◆ **REQUIREMENT**
Output, word for word, every line from the line with "WOOLWORTHS elegant light" through the final line of the data below.

◆ **EXERCISE MATERIALS**

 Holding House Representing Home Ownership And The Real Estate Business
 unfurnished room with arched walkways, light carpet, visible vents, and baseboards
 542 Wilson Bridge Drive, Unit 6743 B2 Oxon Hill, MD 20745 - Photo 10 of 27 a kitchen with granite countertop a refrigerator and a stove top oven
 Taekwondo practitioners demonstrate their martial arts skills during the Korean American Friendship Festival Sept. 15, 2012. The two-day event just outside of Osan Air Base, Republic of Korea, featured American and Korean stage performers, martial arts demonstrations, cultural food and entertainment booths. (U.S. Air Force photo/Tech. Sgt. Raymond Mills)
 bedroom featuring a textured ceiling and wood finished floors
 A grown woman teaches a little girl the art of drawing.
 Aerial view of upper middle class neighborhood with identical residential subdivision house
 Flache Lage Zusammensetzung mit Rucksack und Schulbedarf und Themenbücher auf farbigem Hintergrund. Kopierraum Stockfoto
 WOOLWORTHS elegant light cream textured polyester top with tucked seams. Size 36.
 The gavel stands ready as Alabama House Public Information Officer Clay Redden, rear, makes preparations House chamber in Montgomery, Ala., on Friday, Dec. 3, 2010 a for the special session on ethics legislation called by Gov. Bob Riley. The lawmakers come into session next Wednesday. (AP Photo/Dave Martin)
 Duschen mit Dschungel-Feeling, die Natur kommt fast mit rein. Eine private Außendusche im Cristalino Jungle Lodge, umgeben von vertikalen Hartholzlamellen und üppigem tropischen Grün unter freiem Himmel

◆ **SOLUTION TO THIS EXERCISE**
 WOOLWORTHS elegant light cream textured polyester top with tucked seams. Size 36.
 The gavel stands ready as Alabama House Public Information Officer Clay Redden, rear, makes preparations House chamber in Montgomery, Ala., on Friday, Dec. 3, 2010 a for the special session on ethics legislation called by Gov. Bob Riley. The lawmakers come into session next Wednesday. (AP Photo/Dave Martin)
 Duschen mit Dschungel-Feeling, die Natur kommt fast mit rein. Eine private Außendusche im Cristalino Jungle Lodge, umgeben von vertikalen Hartholzlamellen und üppigem tropischen Grün unter freiem Himmel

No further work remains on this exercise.